In the figure,$O$ is the centre of the circle,$BD = OD$ and $CD \perp AB$. Find $\angle CAB$.

$(30^{\circ})$ In $\Delta OBD$,we have $OB = OD$ (radii of the same circle) and $BD = OD$ (given).
Since $OB = OD = BD$,$\Delta OBD$ is an equilateral triangle.
Therefore,$\angle BOD = 60^{\circ}$.
In $\Delta ODC$ and $\Delta BDC$,we have $OD = BD$ (given),$\angle ODC = \angle BDC$ (since $\Delta ODC \cong \Delta BDC$ by $SAS$ as $CD$ is common and $OC=OB$),or more simply,since $CD \perp AB$,$CD$ is the perpendicular bisector of $OB$ if $D$ were on $AB$,but here $CD$ is a chord perpendicular to diameter $AB$ at point $P$. Let $CD$ intersect $AB$ at $P$.

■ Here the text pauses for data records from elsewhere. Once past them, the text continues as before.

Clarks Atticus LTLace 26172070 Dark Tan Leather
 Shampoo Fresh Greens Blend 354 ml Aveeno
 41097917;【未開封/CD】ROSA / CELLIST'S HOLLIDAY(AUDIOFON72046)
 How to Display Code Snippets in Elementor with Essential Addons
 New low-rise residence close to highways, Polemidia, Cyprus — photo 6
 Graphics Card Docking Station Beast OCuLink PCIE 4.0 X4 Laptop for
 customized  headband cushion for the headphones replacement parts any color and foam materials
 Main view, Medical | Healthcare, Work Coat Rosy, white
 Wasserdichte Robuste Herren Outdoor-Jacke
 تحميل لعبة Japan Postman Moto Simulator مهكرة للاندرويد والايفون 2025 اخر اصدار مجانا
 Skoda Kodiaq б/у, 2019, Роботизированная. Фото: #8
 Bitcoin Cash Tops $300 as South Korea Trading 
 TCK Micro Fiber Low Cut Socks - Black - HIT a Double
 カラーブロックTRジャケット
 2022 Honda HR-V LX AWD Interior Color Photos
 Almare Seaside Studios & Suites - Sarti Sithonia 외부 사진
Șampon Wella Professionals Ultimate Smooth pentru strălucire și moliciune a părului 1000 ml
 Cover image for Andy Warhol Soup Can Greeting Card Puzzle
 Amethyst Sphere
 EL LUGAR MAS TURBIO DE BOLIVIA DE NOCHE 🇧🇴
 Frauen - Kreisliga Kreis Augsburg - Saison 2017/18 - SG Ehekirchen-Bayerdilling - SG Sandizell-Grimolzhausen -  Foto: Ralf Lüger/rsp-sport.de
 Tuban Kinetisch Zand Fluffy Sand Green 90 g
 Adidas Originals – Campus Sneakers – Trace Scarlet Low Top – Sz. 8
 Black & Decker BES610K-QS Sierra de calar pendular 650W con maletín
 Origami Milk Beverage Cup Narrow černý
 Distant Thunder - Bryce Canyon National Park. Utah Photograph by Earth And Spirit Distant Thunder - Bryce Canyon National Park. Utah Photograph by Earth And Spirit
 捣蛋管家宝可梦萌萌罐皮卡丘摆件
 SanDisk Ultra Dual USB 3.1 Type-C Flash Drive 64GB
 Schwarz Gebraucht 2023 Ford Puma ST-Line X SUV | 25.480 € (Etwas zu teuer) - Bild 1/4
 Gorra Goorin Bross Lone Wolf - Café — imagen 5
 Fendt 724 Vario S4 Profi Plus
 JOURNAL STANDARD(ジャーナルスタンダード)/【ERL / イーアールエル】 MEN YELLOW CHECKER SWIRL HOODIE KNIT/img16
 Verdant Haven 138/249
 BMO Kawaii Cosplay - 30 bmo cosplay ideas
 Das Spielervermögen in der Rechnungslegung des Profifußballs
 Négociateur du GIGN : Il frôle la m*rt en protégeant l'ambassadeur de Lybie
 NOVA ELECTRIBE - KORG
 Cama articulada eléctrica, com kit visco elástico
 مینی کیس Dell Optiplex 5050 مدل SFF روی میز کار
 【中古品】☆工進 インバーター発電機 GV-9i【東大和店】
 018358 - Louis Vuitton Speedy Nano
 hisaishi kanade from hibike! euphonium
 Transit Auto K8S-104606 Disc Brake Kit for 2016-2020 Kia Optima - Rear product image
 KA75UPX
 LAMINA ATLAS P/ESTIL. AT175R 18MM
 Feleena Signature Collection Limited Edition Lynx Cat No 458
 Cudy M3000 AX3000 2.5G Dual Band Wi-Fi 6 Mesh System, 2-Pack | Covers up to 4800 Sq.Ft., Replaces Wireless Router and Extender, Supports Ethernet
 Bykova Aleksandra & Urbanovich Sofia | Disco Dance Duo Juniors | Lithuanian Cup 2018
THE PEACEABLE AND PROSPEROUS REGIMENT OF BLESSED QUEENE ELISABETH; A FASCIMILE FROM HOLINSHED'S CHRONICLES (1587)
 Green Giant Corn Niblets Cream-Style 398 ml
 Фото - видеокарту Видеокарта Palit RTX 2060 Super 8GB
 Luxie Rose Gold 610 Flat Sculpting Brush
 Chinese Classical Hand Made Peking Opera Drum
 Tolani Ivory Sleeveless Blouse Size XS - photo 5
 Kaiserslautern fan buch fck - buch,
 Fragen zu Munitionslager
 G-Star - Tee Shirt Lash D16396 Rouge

In $\Delta OPD$ and $\Delta BPD$,$OD = BD$ (given),$DP = DP$ (common),$\angle OPD = \angle BPD = 90^{\circ}$.
Thus,$\Delta OPD \cong \Delta BPD$ by $RHS$ congruence rule.
This implies $\angle DOP = \angle DBP$. Since $\angle BOD = 60^{\circ}$,$\angle DOP = 60^{\circ}$.
Thus,$\angle DBP = 60^{\circ}$.
In $\Delta BPD$,$\angle BDP = 180^{\circ} - 90^{\circ} - 60^{\circ} = 30^{\circ}$.
Since angles subtended by the same arc $CD$ at the circumference are equal,$\angle CAB = \angle CDB$.
Therefore,$\angle CAB = 30^{\circ}$.